Fusion Music
This product is originally a course project but represents a relatively complete and well-developed system. Personally, I liked the core idea of this project so much that I decided to showcase it here.
Introduction
We all love music, and music is undeniably cool. Moreover, we want many people to create music together, which is why we made this system collaborative.
In a nutshell, Fusion Music is a real-time collaborative music editing platform where multiple users can work together on music projects simultaneously. It is composed of three main components designed to deliver a seamless collaborative experience.

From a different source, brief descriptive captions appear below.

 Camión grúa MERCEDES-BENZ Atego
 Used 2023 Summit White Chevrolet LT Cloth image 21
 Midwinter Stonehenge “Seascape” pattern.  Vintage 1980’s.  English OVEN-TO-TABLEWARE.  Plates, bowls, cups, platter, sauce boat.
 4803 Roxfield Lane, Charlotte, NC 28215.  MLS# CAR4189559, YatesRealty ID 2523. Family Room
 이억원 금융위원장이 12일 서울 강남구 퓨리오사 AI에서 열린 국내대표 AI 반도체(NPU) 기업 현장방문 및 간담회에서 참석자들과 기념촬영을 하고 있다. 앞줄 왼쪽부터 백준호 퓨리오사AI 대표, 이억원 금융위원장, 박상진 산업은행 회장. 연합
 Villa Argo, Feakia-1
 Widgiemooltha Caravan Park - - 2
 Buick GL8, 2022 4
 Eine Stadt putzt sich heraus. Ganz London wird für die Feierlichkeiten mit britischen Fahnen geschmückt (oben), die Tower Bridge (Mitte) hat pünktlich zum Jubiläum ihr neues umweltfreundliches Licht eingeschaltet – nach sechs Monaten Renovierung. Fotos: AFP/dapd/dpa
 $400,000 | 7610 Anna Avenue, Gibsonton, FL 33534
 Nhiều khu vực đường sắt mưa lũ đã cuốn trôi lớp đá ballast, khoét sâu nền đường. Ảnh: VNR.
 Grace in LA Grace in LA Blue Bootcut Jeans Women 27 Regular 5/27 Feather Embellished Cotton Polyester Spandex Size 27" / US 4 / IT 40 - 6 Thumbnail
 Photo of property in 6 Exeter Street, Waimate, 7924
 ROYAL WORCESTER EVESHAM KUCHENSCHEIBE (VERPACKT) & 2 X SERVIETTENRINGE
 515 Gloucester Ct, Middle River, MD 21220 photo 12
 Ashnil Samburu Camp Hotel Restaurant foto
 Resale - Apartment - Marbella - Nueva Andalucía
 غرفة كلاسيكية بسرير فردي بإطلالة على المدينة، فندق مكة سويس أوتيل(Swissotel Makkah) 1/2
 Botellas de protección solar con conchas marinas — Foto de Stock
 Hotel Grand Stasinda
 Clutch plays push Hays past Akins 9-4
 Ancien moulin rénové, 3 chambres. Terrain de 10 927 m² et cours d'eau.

To be honest, since this started as a course project, it sometimes has a playful and relatively simple nature. However, it embodies many ideas we want to expand upon. A course project is one thing, industrial-grade software another. Here, I simply present what this project currently achieves.
And, while I had a team, I personally handled about 80% of the work—including technical design, establishing a workable CI/CD workflow, collaboration features, fixing all frontend bugs, integration, about 90% of unit testing, deployment, and team management. The contributions from teammates were valuable, but I was able to do their parts more quickly. Considering participation grades and fairness, we had to balance team members’ interests. Despite these constraints, this was not an such enjoyable journey, but I’m grateful for the lessons learned. Thank you, God!
Main User Workflow
The user workflow is straightforward: users enter the editor, invite friends to join, and start collaborating. Users drag and drop notes onto the musical staff and then play back the sound. To keep things manageable, we introduced a music document list page similar to Google Docs, where auto-generated preview images enhance visual browsing.
All features require users to log in via Google OAuth first. The path is simply: Google login → document list page → music staff editor page. That’s it. Very simple. A few screenshots below illustrate the user experience clearly.
Tech Design
As the technical lead, I adopted domain-driven design (DDD) as the core architectural philosophy from the outset. It was my first time personally using DDD as the main guiding approach, and I found it extremely effective. There were two key benefits: firstly, it simplified task allocation across team members; secondly, it ensured a highly modular system design, facilitating coding and maintenance. Tasks were assigned according to these domain boundaries and individual expertise, which fostered strong ownership, minimized merge conflicts, and enabled parallel development. This approach ensured high cohesion within modules and accelerated onboarding of new components. Also, it is good and perfect align with the agile process.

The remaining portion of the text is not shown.